Following on the COP meetings, the world is moving towards a post-Kyoto Protocol era in which all of the nations of the world will be expected to contribute to decarbonising the global economy, with differentiated responsibilities and capabilities. This stems from increased recognition that if developed nations decarbonise, but developing nations remain on their current trajectories of growth of carbon emissions, it will not be possible to achieve the climate change targets set internationally (a less than 2 degrees C rise in mean global temperature, translating roughly into a doubling of the pre-industrial revolution levels of carbon dioxide in the atmosphere).

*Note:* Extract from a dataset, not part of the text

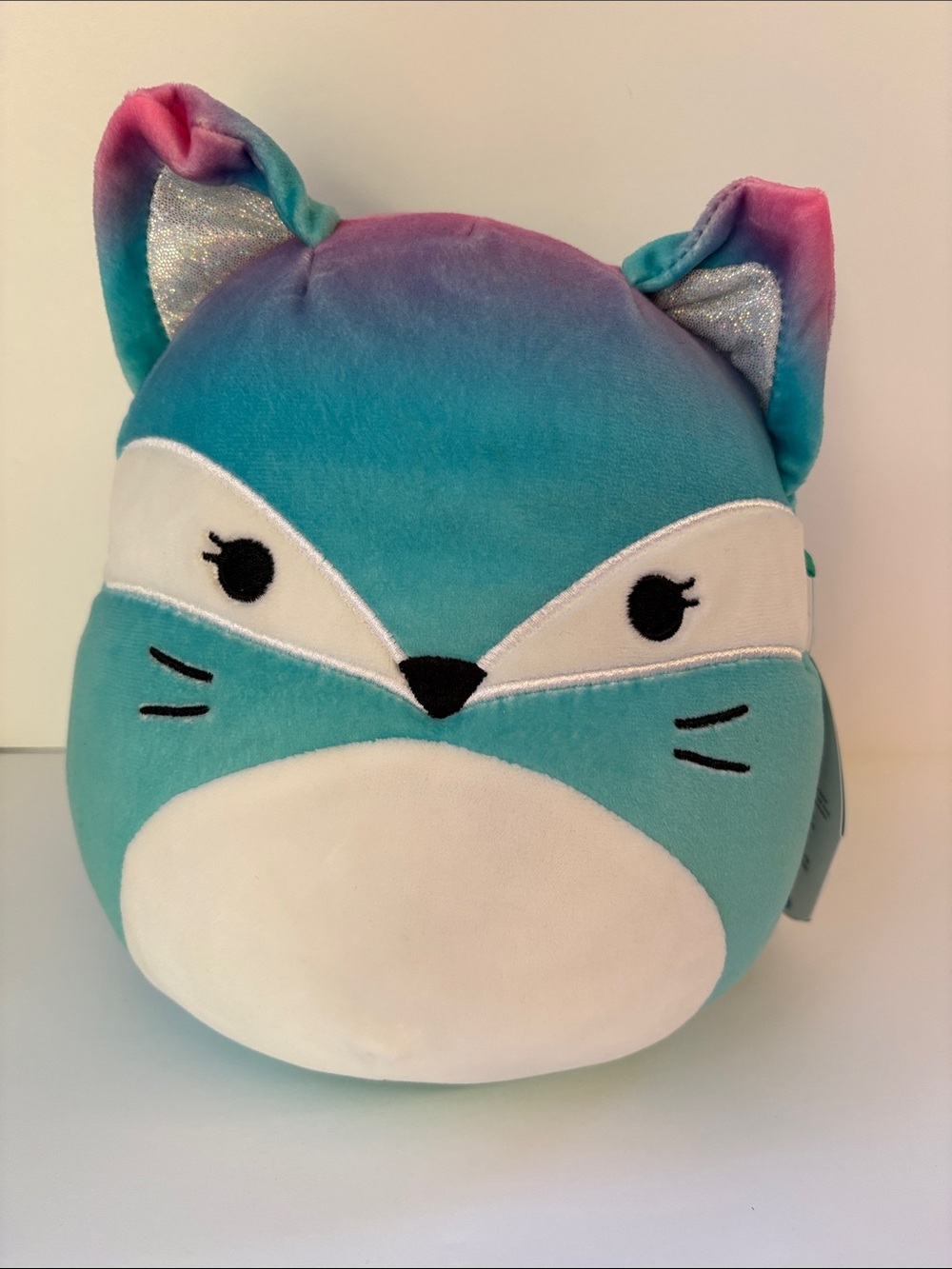 Squishmallows Vickie the Blue & Pink Fox 9” Plush Kellytoy NWT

While this certainly is the case, it also is the case that the developed nations have a special responsibility to not only decarbonise their own economies, but to assist with decarbonisation of the developing nations [3,4]. This is both a matter of equity, justice and fairness on the one hand, and of economic and political reality on the other. The populations of developing nations understandably tie their economic development to increased access to the world's resources, including energy resources. The key to balancing these economic and climate aims lies in sustainable growth, which means a significantly lower carbon intensity (carbon dioxide released per unit of Gross Domestic Product or GDP) and enhanced presservation and even expansion of the carbon sequestration potential of land. Hence the need to find a path forward in which 1) the developed nations decarbonise; 2) this decarbonisation produces technology innovation and drives down costs of technologies so they become feasible for the developping nations to adopt; and 3) finance, knowledge and institutional capacity flow from the developed to developing nations to support adoption of low carbon technologies and practices.

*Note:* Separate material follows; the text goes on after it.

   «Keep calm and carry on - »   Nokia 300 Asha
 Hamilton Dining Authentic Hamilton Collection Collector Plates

A key issue in this global discussion is the relative effectiveness of different policies, applied differently across developed and developing nations, in regard to meeting the aim of avoiding a doubling of the pre-industrial revolution levels of atmospheric carbon. With pre-industrial levels of approximately 580 billion metric tons of carbon (BMT), the global policy aim is therefore to remain below an increase to 1160 BMT while allowing for sustainable economic growth in developing nations. The ability to reach this aim is driven by two considerations: the effect of developed and developing nations’ policies on atmospheric carbon if those policies have their intended impacts, and whether such policies can be implemented successfully—and have their intended impacts, including avoiding the rebound effect [5]—in the current political and economic arena.

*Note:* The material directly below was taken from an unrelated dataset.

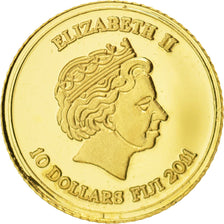 Fiji, Elizabeth II, 10 Dollars, 2011, FDC, Oro, KM:303
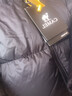駱駝（CAMEL）戶(hù)外羽絨服冬季新款女款男款保暖高蓬松防鉆絨連帽面包服 幻影黑，男女同款，735CAPN017 L （女生拍小一碼） 曬單實(shí)拍圖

The current paper explores the former issue: the effecttiveness of different policy approaches in achieving the aim of remaining below the 1160 BMT target of atmospheric carbon IF those policies were to be fully implemented and effective in their intent. “Policy approaches” here means policies that control 1) population growth; 2) land use (including deforestation); 3) introduction of low carbon energy to drive down the carbon intensity of energy use; and 4) energy demand reduction, or at least slowing the rate of growth of per capita energy demand. In addition, “policy approaches” means whether these 4 policy areas are applied primarily in the developed nations, primarily in the developing nations, or in both; and the time-scale and rate at which such policies are introduced and become effective globally. To perform the analysis in the current paper, a measure of sensitivity of the trajectory of atmospheric carbon to each policy approach is developed, and the combined effect of portfolios of policies assessed when applied to developed nations alone (the Annex I nations), developing nations alone and all nations simultaneously. The result is an increased capacity of decision-makers to understand the relative roles of these policy approaches in meeting the climate target of preventing a doubling of the pre-industrial revolution levels of atmospheric carbon.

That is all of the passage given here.